PROVIDED DATA:
---------------
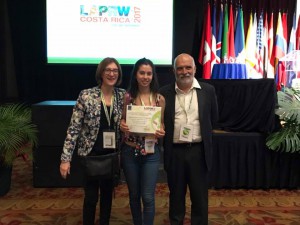 Florencia Jesús Premio Costa Rica con docentes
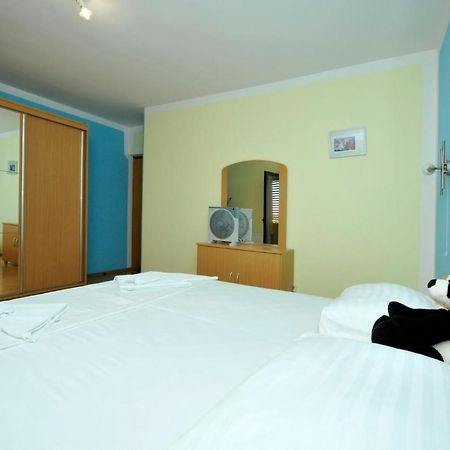 Roso Apartment With Sea View Trogir Bagian luar foto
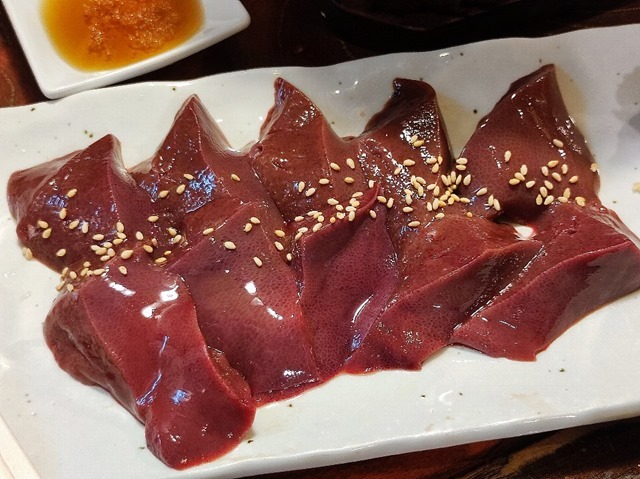 極上レバの陶板焼き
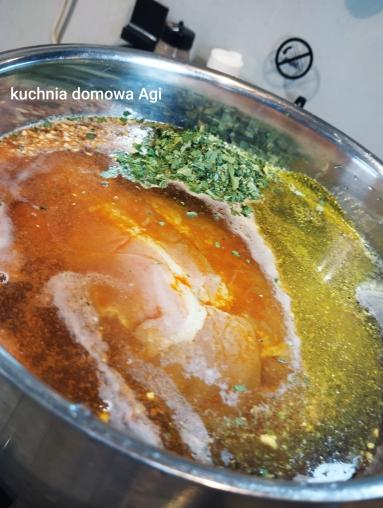 Zdjęcie: Szynka wieprzowa gotowana w przyprawach Zdjęcie - Szynka wieprzowa gotowana w przyprawach - Przepisy kulinarne ze zdjęciami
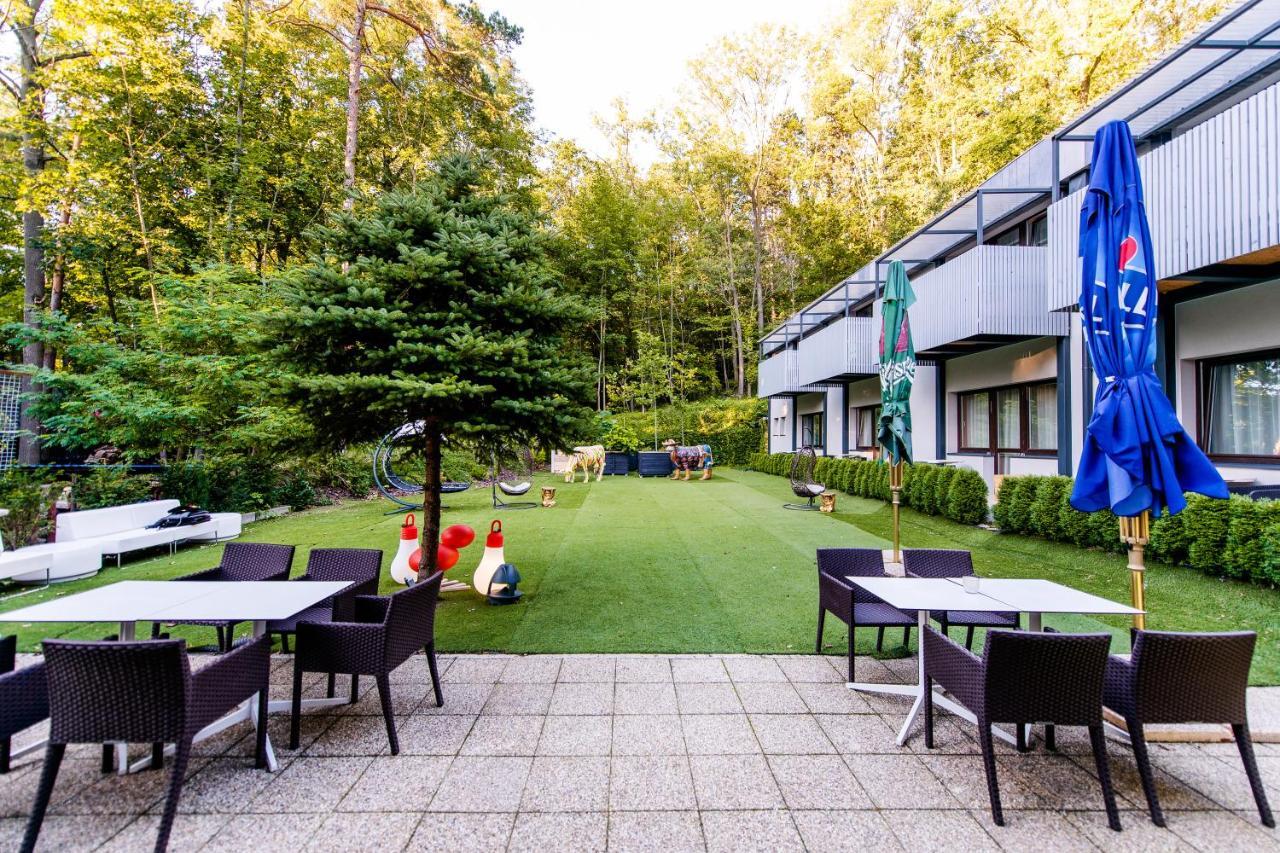 Hotel Veverica Trenčín Extérieur photo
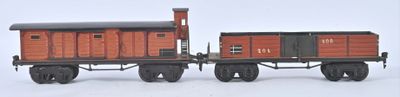 un petit train posé sur une surface blanche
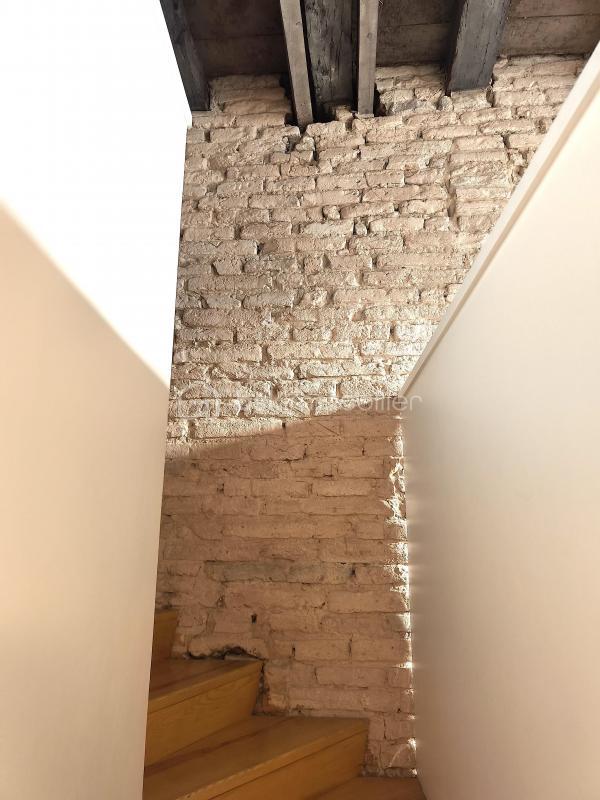 Appartement - 212 m² - 6 pièces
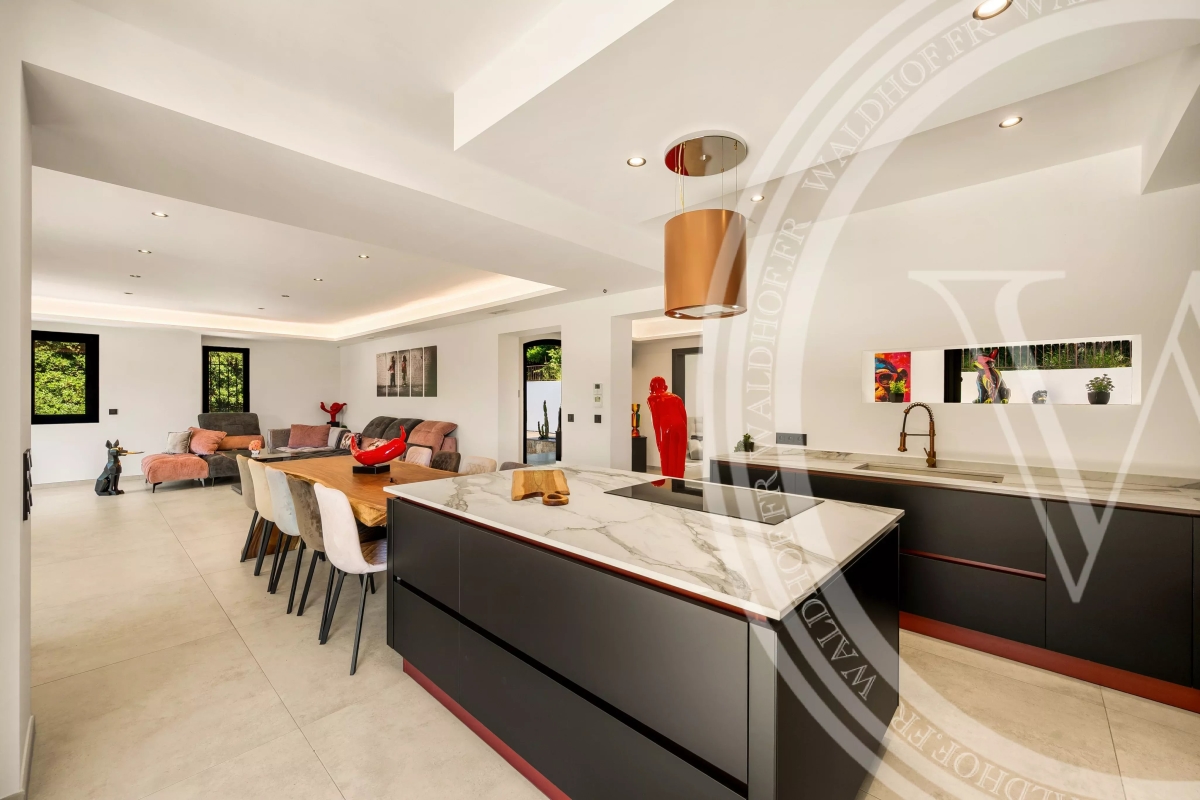 Luxury House for sale in Roquefort-les-Pins, 1 990 000 €, Photo 4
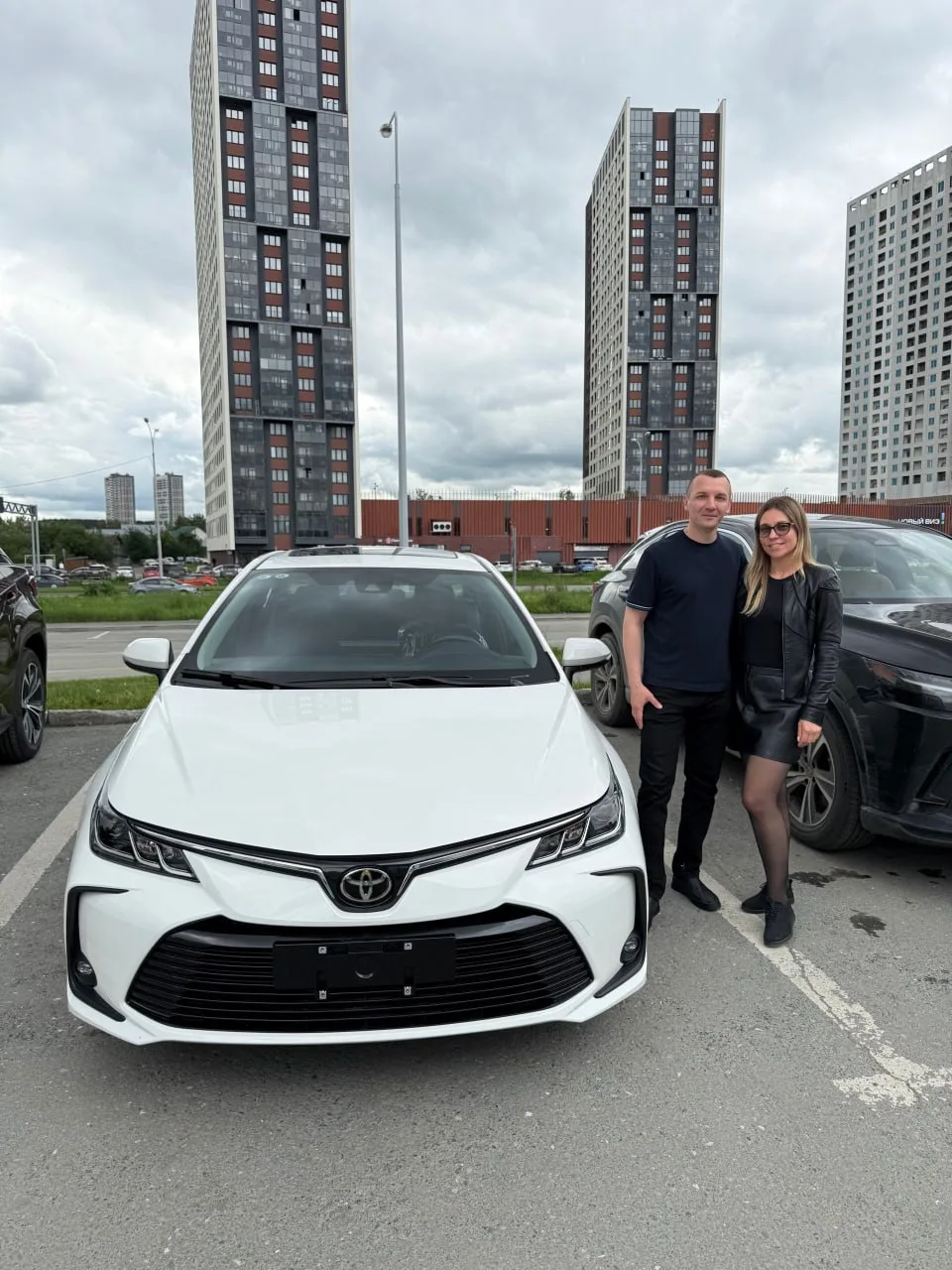 Выдача Toyota Corolla 2026 года для Юрия и Ксении!

Поздравляем! Желаем получать удовольствие от каж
---------------
PROBLEM TO SOLVE: The records above are to be quoted exactly, with all pictures left out.

EXERCISE ANSWER:
 Florencia Jesús Premio Costa Rica con docentes
 Roso Apartment With Sea View Trogir Bagian luar foto
 極上レバの陶板焼き
 Zdjęcie: Szynka wieprzowa gotowana w przyprawach Zdjęcie - Szynka wieprzowa gotowana w przyprawach - Przepisy kulinarne ze zdjęciami
 Hotel Veverica Trenčín Extérieur photo
 un petit train posé sur une surface blanche
 Appartement - 212 m² - 6 pièces
 Luxury House for sale in Roquefort-les-Pins, 1 990 000 €, Photo 4
 Выдача Toyota Corolla 2026 года для Юрия и Ксении!

Поздравляем! Желаем получать удовольствие от каж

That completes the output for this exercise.